Coalition Rolls out Measures for Nigeria’s Economic Recovery

By Peter Uzoho

The Alliance for Surviving COVID-19 and Beyond (ASCAB), a labour and civil society coalition, led by human rights lawyer, Femi Falana, has provided a roadmap that can help the federal government to pull Nigeria’s economy back to life amid COVID-19 hardship.

The group also cautioned the federal and state governments as well as the private sector not to use budget cuts as an excuse to sack their workers in this difficult time.

The coalition, made up of over 70 civil society organisations, in a statement issued by its Publicity Secretary, Adewale Adeoye, listed steps the government could take to ensure the economy and worker’s interests are protected.

According to him, “The government and the private sector must resist an easy recourse to job cuts and reduction of public spending on social services, especially healthcare services.”

The coalition said one of the challenges the federal government must decisively confront at this time was how to significantly increase or double public spending not only on healthcare services but also on public sanitation, water supply and public education.

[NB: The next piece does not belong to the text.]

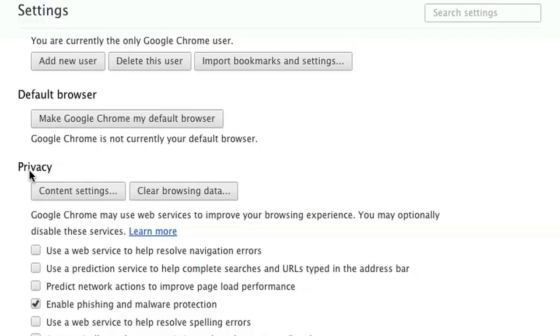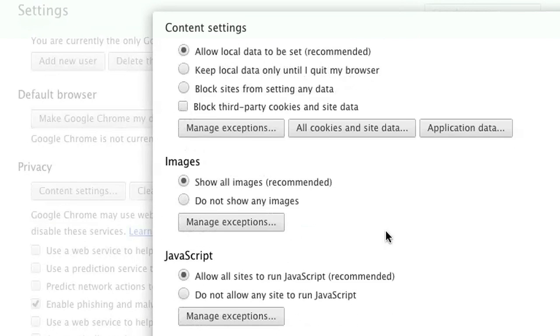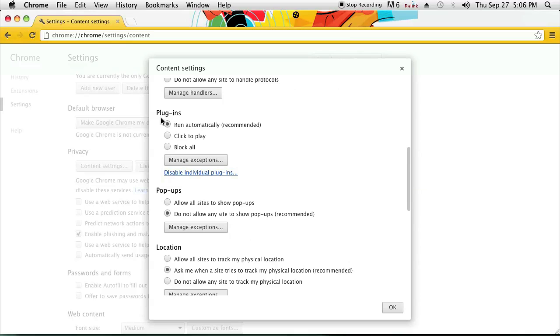Then scroll down a little further to where it says Privacy and click on Content Settings. Once you're there, scroll down again until it says Plugins, and click on Click to Play.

“Increased spending on public education would allow decongestion of overcrowded classrooms by employing more teachers and urgently building more classrooms before children resume school.

“Doubling public expenditure in these areas will bridge huge gaps in service provision in these critical areas which are important for the early containment of COVID-19,” ASCAB said.

Other measures, according to the statement, include “funding for personal protective equipment (PPE) and adequate compensation for healthcare professionals in the frontline of COVID-19 care and treatment; intensified massive testing and building more well-equipped isolation centres with adequate provision for the care of those in isolation; a separate stimulus package for the informal sector through their cooperatives and organisations to boost local economies having been excluded from the CBN N50billion grant due to conditionality.”

The group also called for rapid provision of water and sanitation services, adding that states can be directly supported to provide both temporary and more permanent water supply technologies in communities and public places.